As time went on, both Christian and Jewish marriages became more sacralized and ritualized. Christians, whose leaders increasingly saw marriage as a sacrament through Late Antiquity and the early Middle Ages, sought to bring weddings under tighter clerical supervision and control. Ambrose and the late 4th-cent. cleric known as Ambrosiaster argued for a distinctly Christian ritual of marriage that requires the blessings of a bishop (Hunter 2009). By the 5th cent., at least in Italy, Christian couples (what percent we do not know) turned to bishops to “officiate” their weddings, and by the 12th cent. Christian weddings were routinely performed in churches. The significance of this shift should not be underestimated, as the rituals intend (successfully or not) to move the meaning of marriage from the family to the institution of the Church.
Jews came to this process of sacralization later and almost certainly in imitation of the Christians among whom they lived. Rabbis began to be seen as desirable, if never legally necessary, officiants at weddings, and used a short liturgy (the “seven blessings”) recorded in the Talmud (bKet 8a-b). Weddings increasingly (but never exclusively) took place in synagogues or their courtyards. They were increasingly ritualized, including especially the practices of a bride circling the groom seven times; a qiddushin ceremony in which the groom gives the bride a ring; the presence of a huppah, a canopy under which the wedding was performed; and the reading of the ketubah. Even the breaking of the glass by the groom, which began as a popular custom opposed by the rabbis, was given new meaning and ritualized as well. Modern Jewish weddings maintain most of these customs, although some denominations have made changes in line with modern sentiments. The custom of the bride circling the groom has become less common and there is increasing popularity of double-ring ceremonies (in which the bride also gives a ring to the groom). The text and form of the ketubah has always been adjusted in line with the larger cultural context (e.g., Friedman 1980), and many modern versions replace the traditional text – which emphasizes financial rights and obligations – with one that focuses on emotional commitment. Since both Jewish and Christian communities are subject to the same modern dynamics that include decreasing membership in religious institutions, it is not surprising to find that Jewish weddings too are increasingly occurring, again, out of synagogues.

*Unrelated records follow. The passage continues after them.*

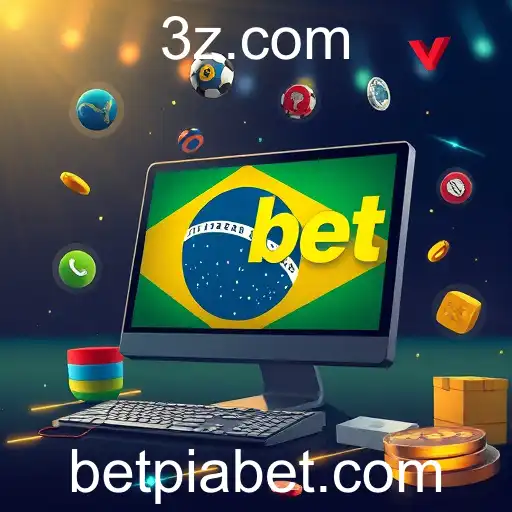 O Impacto Crescente dos Sites de Jogos Online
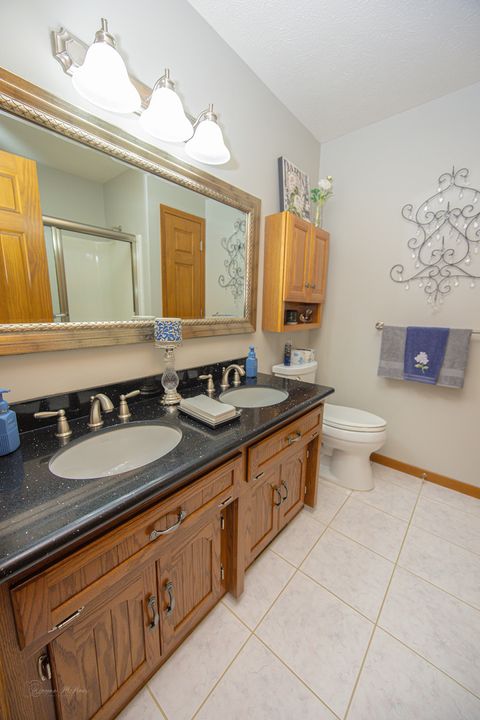 Tiny photo for 1219 Buell Avenue, Joliet, IL 60435 (MLS # 12468754)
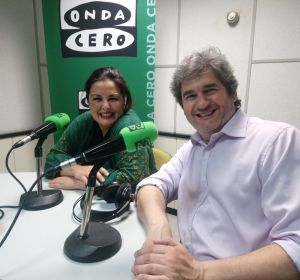 María del Mar Moreno María del Mar Moreno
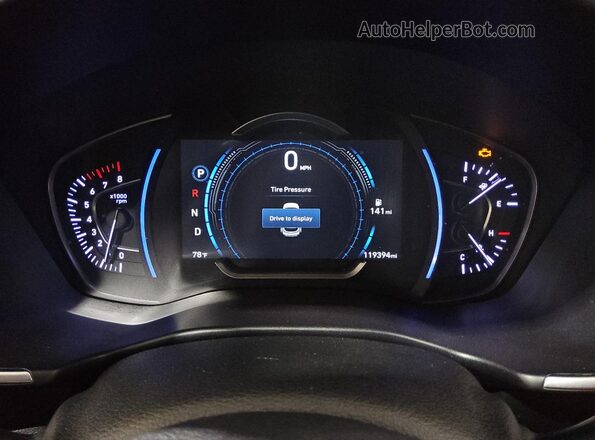 5NMS53AD7LH275897 2020 HYUNDAI SANTA Blue 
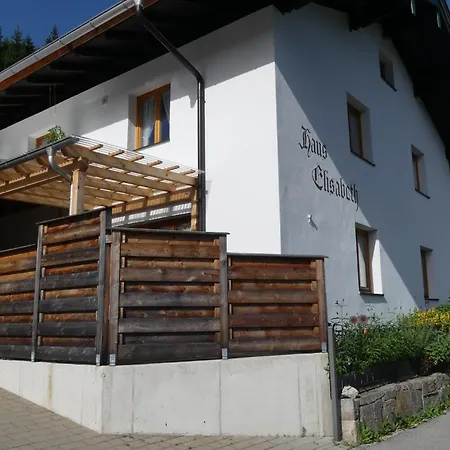 Haus Elisabeth, Ahornkaser Lejlighed *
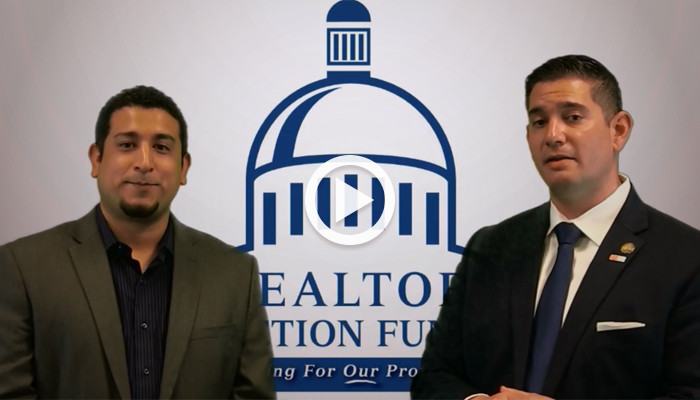 header image about VIDEO: Make Your Contribution to the REALTOR Action Fund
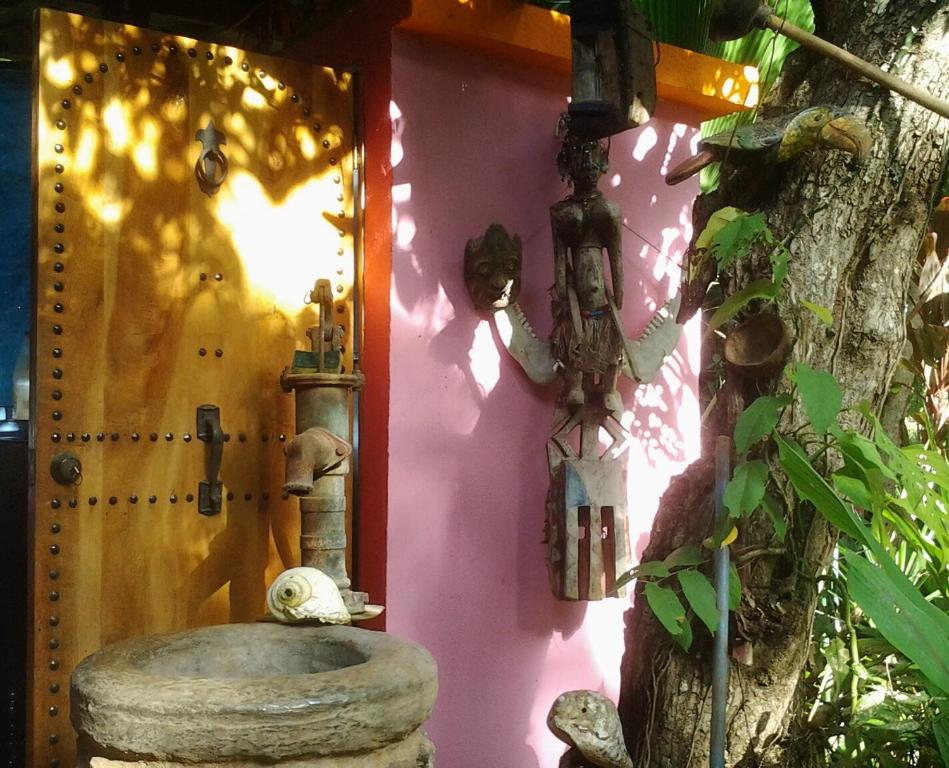 Fotografie z fotogalerie ubytování Fidelito Ranch & Lodge v destinaci Tambor
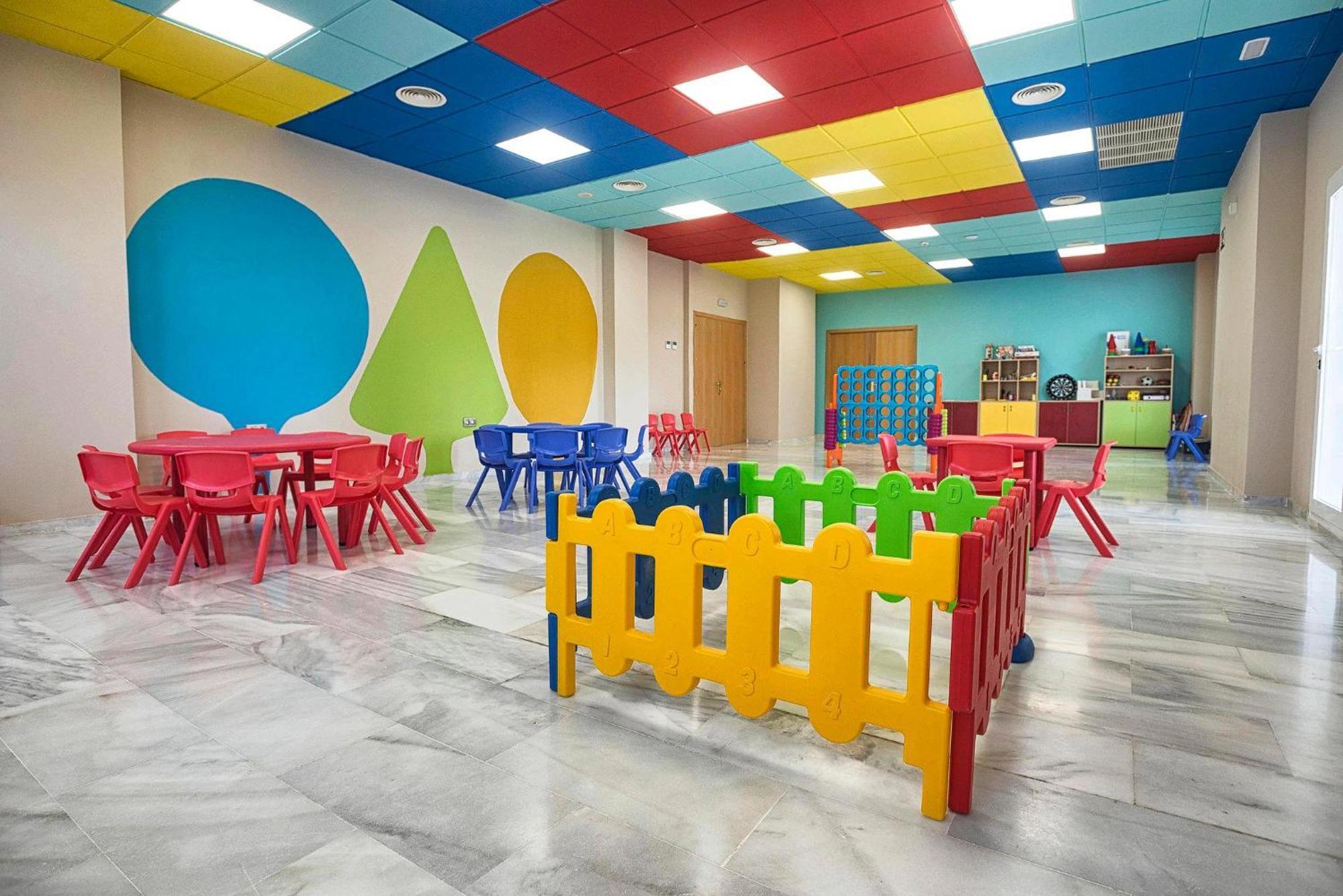 Alegria Costa Ballena Aquafun Zewnętrze zdjęcie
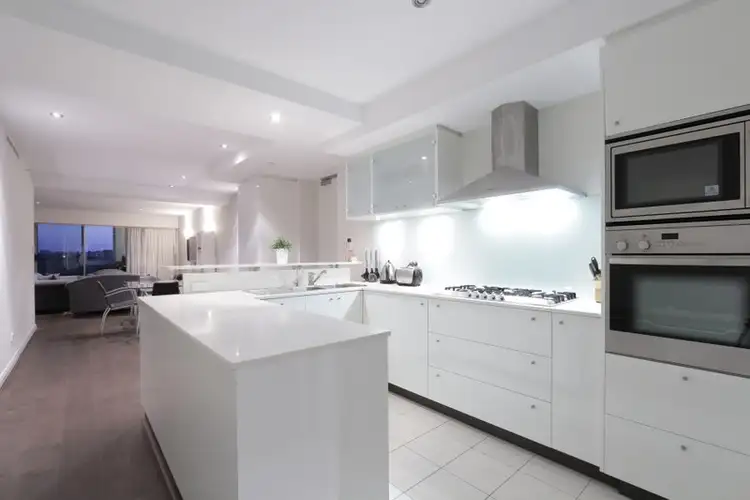 Sixth view of Homely apartment listing, 60/78 Terrace Road, East Perth WA 6004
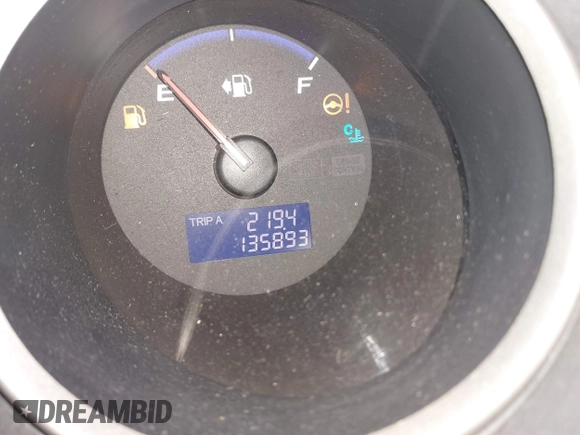2008 Honda Fit Sport z VIN JHMGD38608S036542, wystawiony jako IAAI lot #41214139 z przebiegiem 135 893 mil mil oraz . Historia ofert i sprzedaży dostępna na DreamBid. Obrazek 14.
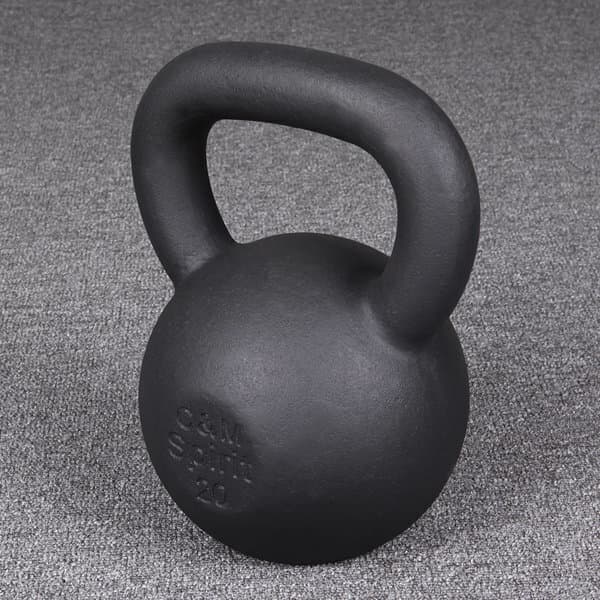 CMcrossfit 씨엠 케틀벨 4kg 8kg 12kg 16kg 20kg 24kg - 최저가 29,000원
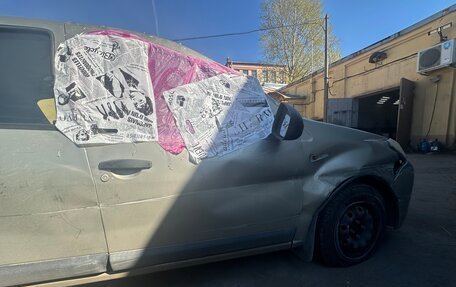 Renault Sandero I, 2010 год, 250 000 рублей, 8 фотография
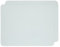 Ehrenkind® Platzset Kinder – Made in Germany Abwaschbares Tischset aus 100% PE, Eva-PP-Film, rutschfest und BPA-frei – Perfekte Tischunterlage für Mahlzeiten | 43x34 cm | 2-er Set | Hellblau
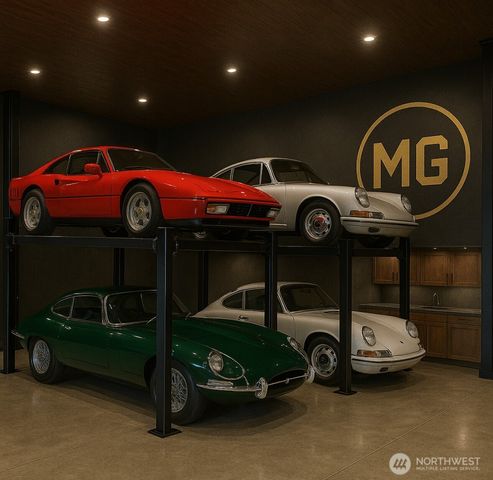 4081 SR 970 #B5, Cle Elum, WA 98922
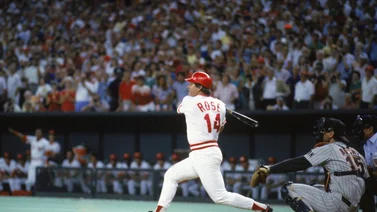 MLB: ¿Qué tienen en común Pete Rose y el venezolano Tucupita Marcano?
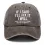 If I Said I'Ll Fix It I Will There Is No Need To Remind Me Every Six Months Men's Funny Baseball Caps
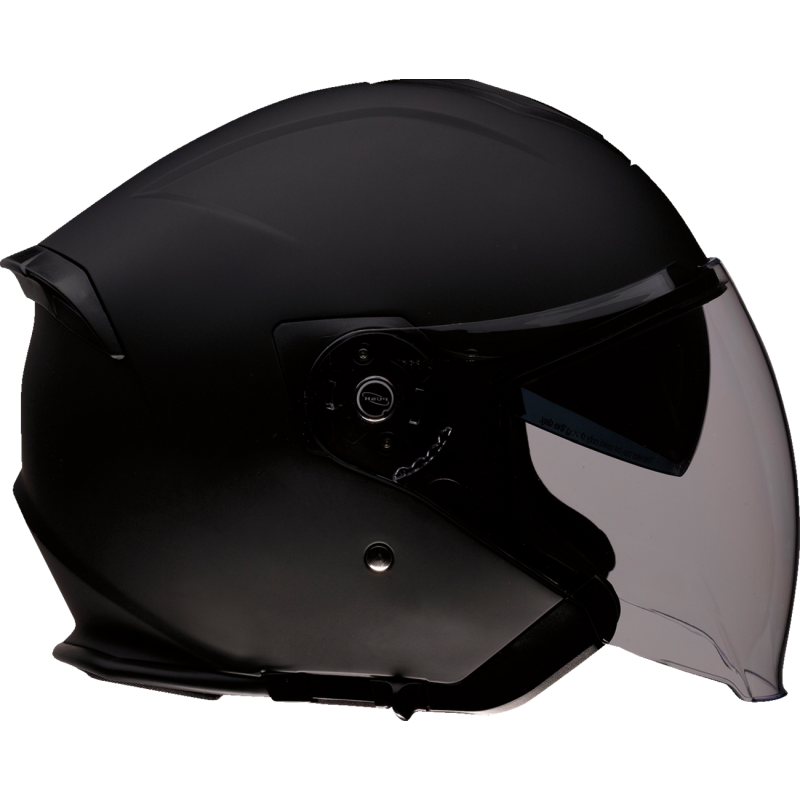 Thumbnail: Z1R ROAD MAXX 2.0 FLAT BLACK LG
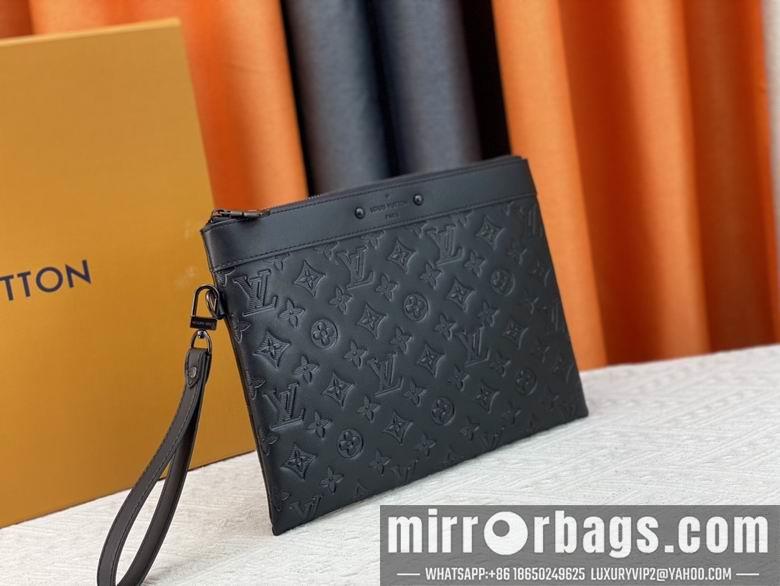 1:1 Louis Vuitton Bags M81848 30X21.5X1cm XM 3colour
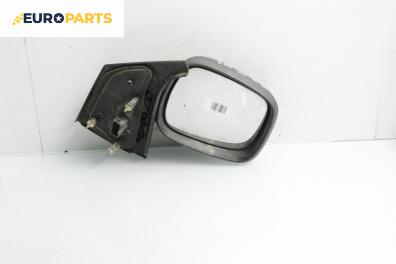 Огледало за Renault Scenic I Minivan (09.1999 - 07.2010), 4+1 вр., миниван, позиция: дясна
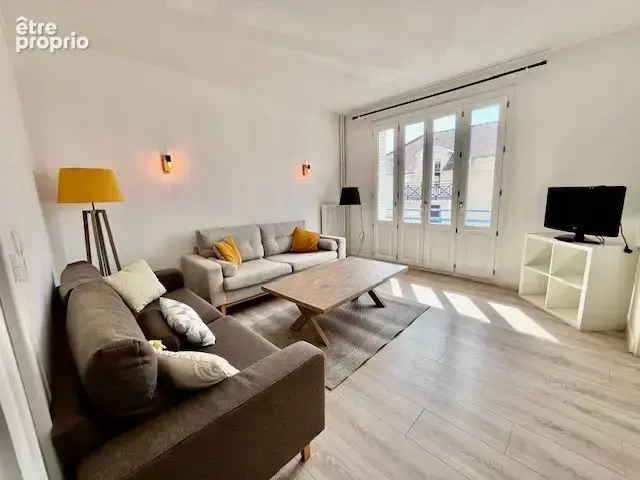 Appartement à TROYES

Understanding marriage within the context of Jewish-Christian relations today must also take account of a third player, that of secularization with the options that it opens for religious life outside of traditional institutions. While in the past marriage could be a charged site of interaction between Jews and Christians, particularly in matters relating to intermarriage, today in most Western communities those marriages look quite similar, as they both are responding to a much greater force.